After 12 years behind bars, the former Roman Catholic priest who was convicted of child rape charges was released from prison on Friday, according to Jay Dias of the Massachusetts Department Of Correction.
Paul Shanley, now 86, was convicted in 2005 of two counts of indecent assault and battery on a child and two counts of rape and abuse of a child, according to the sex offender registry. With his release, he will begin 10 years of supervised probation, Middlesex District Attorney Marian Ryan said in a statement.
Shanley was one of a number of priests convicted of abuse charges in the wake of reporting from The Boston Globe’s Spotlight team that revealed the Catholic Church’s pedophile priest scandal.
Shanley’s release sparked backlash from a group representing victims of the scandal.

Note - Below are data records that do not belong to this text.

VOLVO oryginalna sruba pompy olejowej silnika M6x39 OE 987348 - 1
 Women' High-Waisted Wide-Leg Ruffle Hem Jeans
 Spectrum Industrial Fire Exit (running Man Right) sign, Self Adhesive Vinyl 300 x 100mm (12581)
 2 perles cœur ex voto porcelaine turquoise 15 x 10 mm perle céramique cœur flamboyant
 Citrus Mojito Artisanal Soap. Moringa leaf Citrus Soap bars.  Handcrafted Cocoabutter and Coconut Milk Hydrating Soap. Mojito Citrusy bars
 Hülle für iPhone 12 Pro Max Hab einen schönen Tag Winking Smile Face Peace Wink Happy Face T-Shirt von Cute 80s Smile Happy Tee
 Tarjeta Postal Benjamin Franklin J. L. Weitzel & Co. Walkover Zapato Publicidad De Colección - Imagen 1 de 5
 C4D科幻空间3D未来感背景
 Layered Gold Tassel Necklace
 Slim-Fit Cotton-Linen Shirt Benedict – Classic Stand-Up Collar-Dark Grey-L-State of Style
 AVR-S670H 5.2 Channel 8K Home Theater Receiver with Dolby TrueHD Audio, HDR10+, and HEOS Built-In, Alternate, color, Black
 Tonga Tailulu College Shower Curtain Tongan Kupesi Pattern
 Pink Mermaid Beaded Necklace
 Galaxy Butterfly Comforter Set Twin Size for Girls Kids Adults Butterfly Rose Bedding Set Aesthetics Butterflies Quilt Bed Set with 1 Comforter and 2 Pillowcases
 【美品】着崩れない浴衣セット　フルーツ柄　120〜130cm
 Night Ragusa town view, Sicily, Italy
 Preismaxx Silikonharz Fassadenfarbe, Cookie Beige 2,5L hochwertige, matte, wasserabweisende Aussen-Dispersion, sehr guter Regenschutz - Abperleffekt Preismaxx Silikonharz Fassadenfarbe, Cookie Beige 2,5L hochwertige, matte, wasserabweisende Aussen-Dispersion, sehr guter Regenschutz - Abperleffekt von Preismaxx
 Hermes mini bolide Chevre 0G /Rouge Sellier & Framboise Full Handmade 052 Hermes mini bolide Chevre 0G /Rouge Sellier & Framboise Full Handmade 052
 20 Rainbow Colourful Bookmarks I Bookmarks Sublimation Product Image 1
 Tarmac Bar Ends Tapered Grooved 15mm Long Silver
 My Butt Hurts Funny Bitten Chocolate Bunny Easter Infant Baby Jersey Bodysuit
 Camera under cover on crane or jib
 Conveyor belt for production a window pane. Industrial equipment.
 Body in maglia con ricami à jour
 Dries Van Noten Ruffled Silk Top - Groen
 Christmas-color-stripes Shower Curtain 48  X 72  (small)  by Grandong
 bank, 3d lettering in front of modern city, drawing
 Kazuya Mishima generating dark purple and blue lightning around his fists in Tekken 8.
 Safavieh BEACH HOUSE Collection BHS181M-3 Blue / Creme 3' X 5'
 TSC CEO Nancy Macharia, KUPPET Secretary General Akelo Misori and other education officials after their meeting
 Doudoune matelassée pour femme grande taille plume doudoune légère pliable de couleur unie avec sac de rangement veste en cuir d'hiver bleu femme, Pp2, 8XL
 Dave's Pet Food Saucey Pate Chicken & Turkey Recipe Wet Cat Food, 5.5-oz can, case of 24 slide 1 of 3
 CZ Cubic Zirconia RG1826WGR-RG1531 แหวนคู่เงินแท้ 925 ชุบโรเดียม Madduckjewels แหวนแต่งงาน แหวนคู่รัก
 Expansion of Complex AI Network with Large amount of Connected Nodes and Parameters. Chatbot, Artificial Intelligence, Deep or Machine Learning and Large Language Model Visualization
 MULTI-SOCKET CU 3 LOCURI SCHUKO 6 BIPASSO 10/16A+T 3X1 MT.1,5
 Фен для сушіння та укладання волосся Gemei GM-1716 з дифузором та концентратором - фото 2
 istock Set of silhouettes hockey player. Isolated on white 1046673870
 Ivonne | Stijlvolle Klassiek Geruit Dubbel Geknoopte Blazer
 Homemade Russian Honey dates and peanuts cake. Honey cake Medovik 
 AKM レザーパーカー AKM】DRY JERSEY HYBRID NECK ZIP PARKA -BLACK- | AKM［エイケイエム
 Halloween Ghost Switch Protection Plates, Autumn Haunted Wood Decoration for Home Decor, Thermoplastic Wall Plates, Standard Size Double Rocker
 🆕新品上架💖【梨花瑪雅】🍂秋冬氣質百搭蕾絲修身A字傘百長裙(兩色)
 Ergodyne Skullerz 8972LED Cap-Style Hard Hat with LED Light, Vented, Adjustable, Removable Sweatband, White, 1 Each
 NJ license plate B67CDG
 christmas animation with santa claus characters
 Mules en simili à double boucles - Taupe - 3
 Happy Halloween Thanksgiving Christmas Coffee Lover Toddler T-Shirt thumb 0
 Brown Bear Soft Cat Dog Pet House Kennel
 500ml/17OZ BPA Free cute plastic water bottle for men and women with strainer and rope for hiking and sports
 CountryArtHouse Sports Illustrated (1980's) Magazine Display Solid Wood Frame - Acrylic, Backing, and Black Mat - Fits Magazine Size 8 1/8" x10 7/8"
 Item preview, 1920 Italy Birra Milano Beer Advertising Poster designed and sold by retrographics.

“Age, a change of title or location doesn’t change a pedophile,” said Barbara Dorris, managing director of Survivors Network of those Abused by Priests (SNAP). “For now, I just hope the officials who housed him, employed him, and protected him have an obligation to make sure this never happens again.
“We would hope that he is placed in a treatment center — they have them all over the country — and that he has no access to children, because in the end this is about protecting the children.”
As part of his release, Shanley’s information is on the online sex offender registry as a level-three offender. A photo of him from May shows the ex-priest has grown a white chin-strap beard since his time in court 12 years ago.
Shanley was convicted of repeatedly raping a boy from his parish in the Boston suburb of Newton in the 1980s. The accuser, at the time of trial a 27-year-old firefighter, said the abuse began when he was 6 years old.
For The Boston Globe’s reporting, the paper was granted the 2003 Pulitzer Prize for public service, and the story was depicted in the 2015 Oscar-winning movie “Spotlight.”